Though they compare against bsdiff, their technique sounds a lot like Exediff. The Exediff algorithm goes something like this. First, try to match instructions in the original executable against instructions in the updated version. All unmatched instructions are "primary differences," and these changes must be encoded in the patch file. Then, based on these changes, predict how the matched instructions should have changed. When the change is predictable, it doesn't need to be encoded in the update. Otherwise, the change is a "secondary difference" and must be include in the update. Exediff uses knowledge of the instruction set to predict how matched instructions will change, if at all. Despite this, the author of bsdiff showed that across many different types of patches, Exediff and bsdiff have similar performance.
So, both Exediff and Courgette appear to do the same thing. How then does Courgette do so much better at compressing? It looks like the "adjust" step is where the magic happens. Courgette changes the updated binary so that it has fewer differences, letting the patch be smaller. That updated binary is then reconstructed by the client, not the original update.

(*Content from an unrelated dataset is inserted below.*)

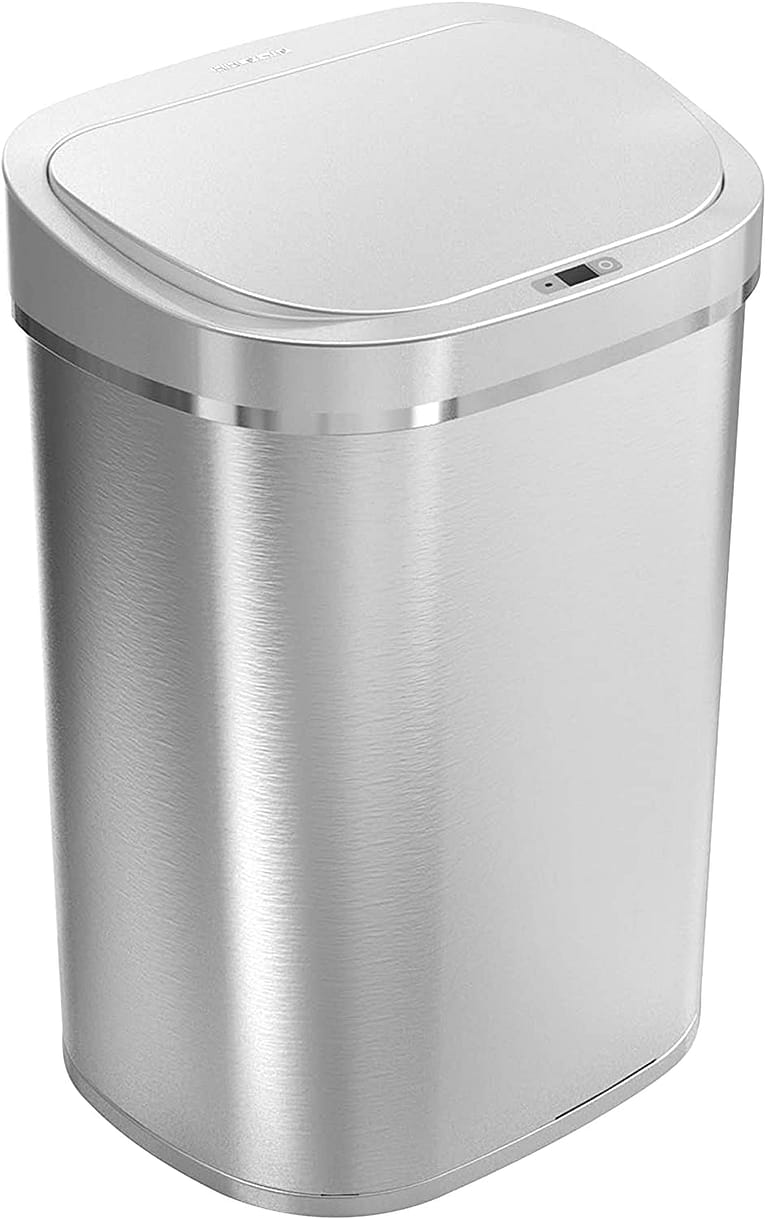 ninestars touchless trash can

This leads to some interesting questions, the first concerning repeated patching. For instance, if I have a base version A which I patch to version B, how should I generate the patch to version C? Do I generate the binary for C so that the patch B -> C is minimized, or should the patch A -> C be minimized? What happens for patch M, or Z, or AAA?
Deciding which patch to optimize would seem to depend on which upgrade path is more popular. With the goal of decreasing total bandwidth usage, you could use server logs (or other usage data) to predict an initial distribution of versions currently in use. Based on historical data, you could then predict which users are going to update their software before the next patch is released. The aggregate of this data gives you a distribution of patch downloads. Pick the most popular one, and optimize that. Possibly, the others will be similarly small. Or, given such a distribution, can that information be used in the adjustment process to generate a binary that minimizes changes over a set of patches, rather than one in particular?

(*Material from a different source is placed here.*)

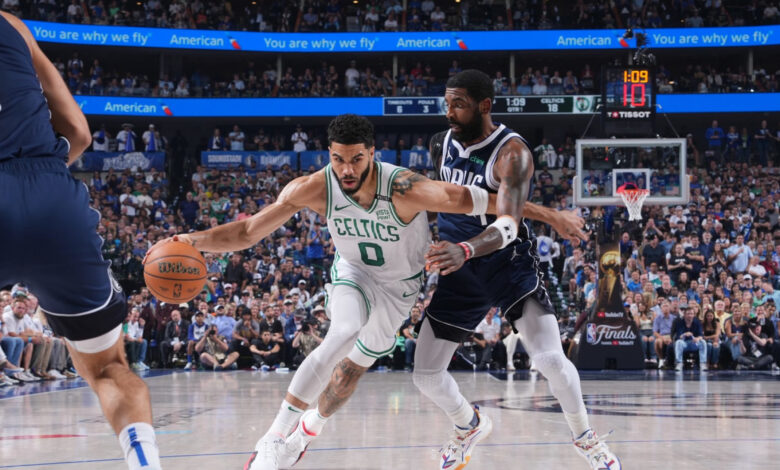 Video: Jayson Tatum Explains Celtics’ Struggles in NBA Finals Game 4 Loss vs. Mavs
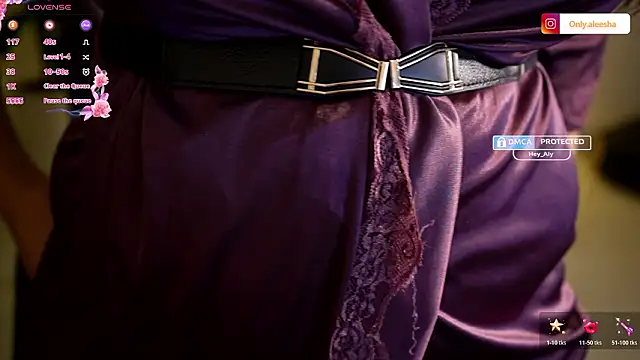 only aleesha online show from February 2026 06:07:01 PM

My guess is that Courgette optimizes each patch against only the latest version, assuming that most everyone will be running it. With auto-updating software, a user would have to fail to open the program for an extended amount of time, longer than it takes to push out two patches. This may not be likely.
I also wonder what side effects the binary modifications might have on the updated binary. By reordering or moving code, could it get slower?
These are interesting points that I hope Google engineers may address if they ever decide to publish a paper describing Courgette in greater depth. I hope they do.